Raw data:
******
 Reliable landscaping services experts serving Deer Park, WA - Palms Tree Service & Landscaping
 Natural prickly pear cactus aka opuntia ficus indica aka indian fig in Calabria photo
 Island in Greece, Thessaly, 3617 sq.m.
******
Activity:
Please give the listing above once more, word for word.

Written answer:
 Reliable landscaping services experts serving Deer Park, WA - Palms Tree Service & Landscaping
 Natural prickly pear cactus aka opuntia ficus indica aka indian fig in Calabria photo
 Island in Greece, Thessaly, 3617 sq.m.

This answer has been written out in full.